At our board meeting on June 18, we called for the formation of a SACOG board working group on race, equity and inclusion.  We did so because, like so many of you, we were anguished and angered by the senseless and violent killings of George Floyd, Breonna Taylor and so many other members of the Black community across the country over many, many decades. Their deaths have laid bare the entrenched injustices that still mar our nation – injustices that we, as local and regional leaders, are committed to fighting.

We believe the future of the greater Sacramento region is bright – but only if we first acknowledge the work that lies ahead in recognizing and eliminating the hurtful role racial discrimination has played in blocking access to opportunity.

From “redlining” that prevented people of color from buying homes in white communities and building wealth to “urban renewal” programs that bulldozed and further marginalized communities of color in the name of progress,  government programs and policies purposefully disadvantaged people of color.
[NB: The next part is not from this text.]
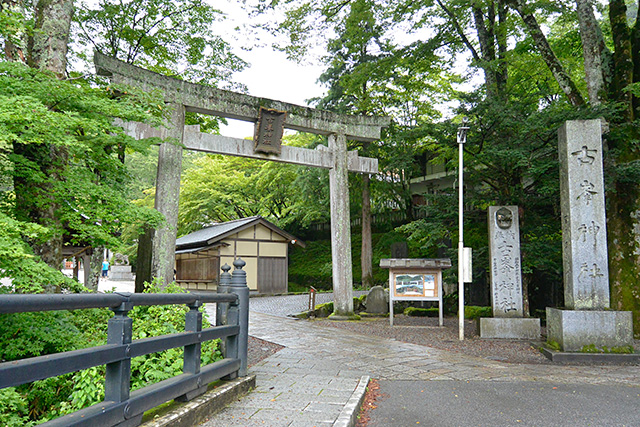 古峰神社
While policies like redlining have been outlawed, the racial disparities such programs fueled are very much alive. These disparities were highlighted in the report SACOG helped commission in 2018 from the Brookings Institution, which concluded that we must act with urgency to close racial disparities in education, employment and health if our region, as a whole, is to succeed. As part of the response to that analysis, SACOG and partner agencies developed a strategic and inclusive plan for economic recovery and growth, “Our Path Forward,” which was released last month.

We are committed to tackling injustice, inequities, discrimination, and bias in our own lives, as well as in the government agencies that we lead. In the discussion around establishing the working group at our June 18 meeting, the board recognized the harmful effects of such earlier government policies that were often enacted by the work of planning organizations. We think it is important to approach such work with humility about our centrality and authority on such issues. But we also believe that the work of our agency could be better harnessed to more directly tackle these inequities and we are committed to supporting our staff in doing so in a more intentional and thoughtful way.

We stand ready to work with all of you in the months ahead to build a more just, equitable, and prosperous region.